Queral Networks

Integrated circuit CPU performance has come to the practical limits of clock-speed performance in large silicon-based IC design. Issues with power use and waste heat dissipation have limited the clock frequency of modern CPUs to 4GHz. Many groups are investigating carbon-based circuits. Though they promise perhaps a 200-fold improvement in clock speed over silicon-based circuits, this clock-speed improvement means Moore's Law will only be able to be upheld by transistor speed improvements for another 16 years-until 2028.

One easy way beyond the clock-cycle limitations lies in greater parallelism. The recent trend towards multiple cores in CPU design shows this movement has already begun in earnest. At first there seems to be no limit to the gains which can be made in this way but Amdahl's Law shows there are fundamental limitations which cause this approach to yield diminishing returns. We feel this is a problem not of implementation but rather is more fundamental, requiring a new computational paradigm.

Queral Networks (QNs) are a novel computational architecture designed, from the beginning, to circumvent the basic limitations of Amdahl's Law. We began with the premise that the von Neumann architecture is fundamentally limited with regard to parallelism due to its synchronous nature. To avoid Amdahl's Law, we believe one must make a fresh start designing a computational paradigm, making every design choice with parallelism as the paramount priority.

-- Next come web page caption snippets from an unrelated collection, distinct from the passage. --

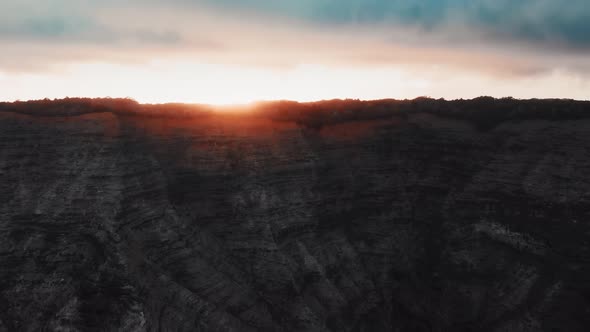 The drone rised above the canyon and captured the wonderful sunset in Waimea Canyon, Kauai, Hawaii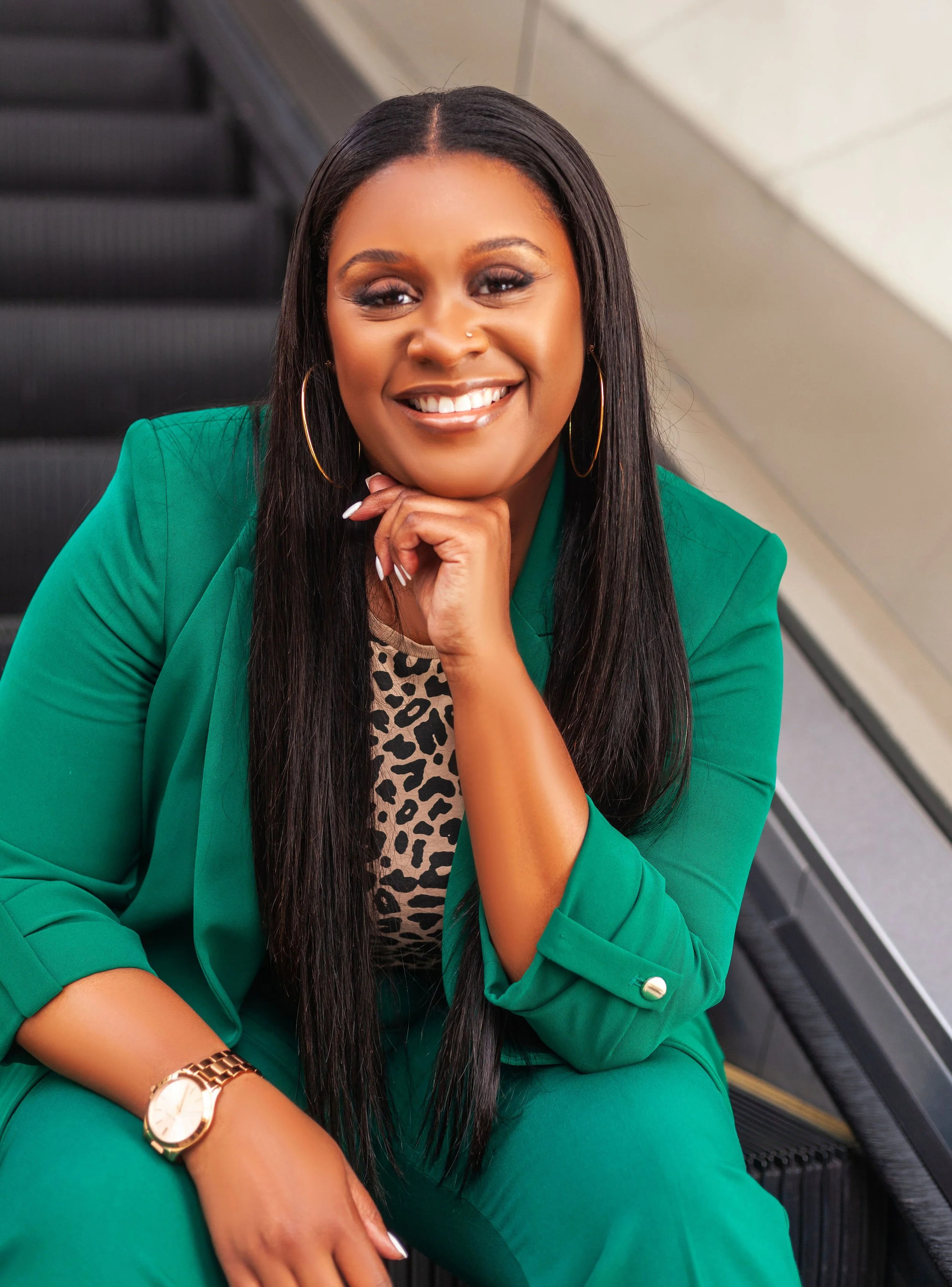 A woman with dark hair styled straight, wearing a green blazer and matching green pants, gold hoop earrings, a gold watch, and a leopard print top underneath, sitting on an escalator with a smile, resting her chin on her hand.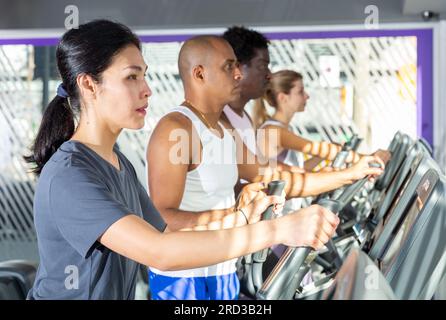 People having running elliptical trainer class in club Stock Photo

With QNs, we have taken an integrated approach to designing highly parallel systems. We draw inspiration from many fields: neuroscience, cognitive science, systems theory, complexity, genetic algorithms, artificial neural networks, computation, machine learning, and human factors.

QNs begin with the basic computational node, the Queron (a generalization of the neuron), allow it to connect to other querons following the rules of Kahn Process Networks, and add to that key restrictions to enforce modularity and reuse of these nodes. Following the best practices of software engineering and systems theory, QNs are designed to leverage the parallelism of neural networks while shining some light into their "black box". QNs allow complex solutions to be developed manually or trained by machine learning algorithms components of each can be reusued equally well.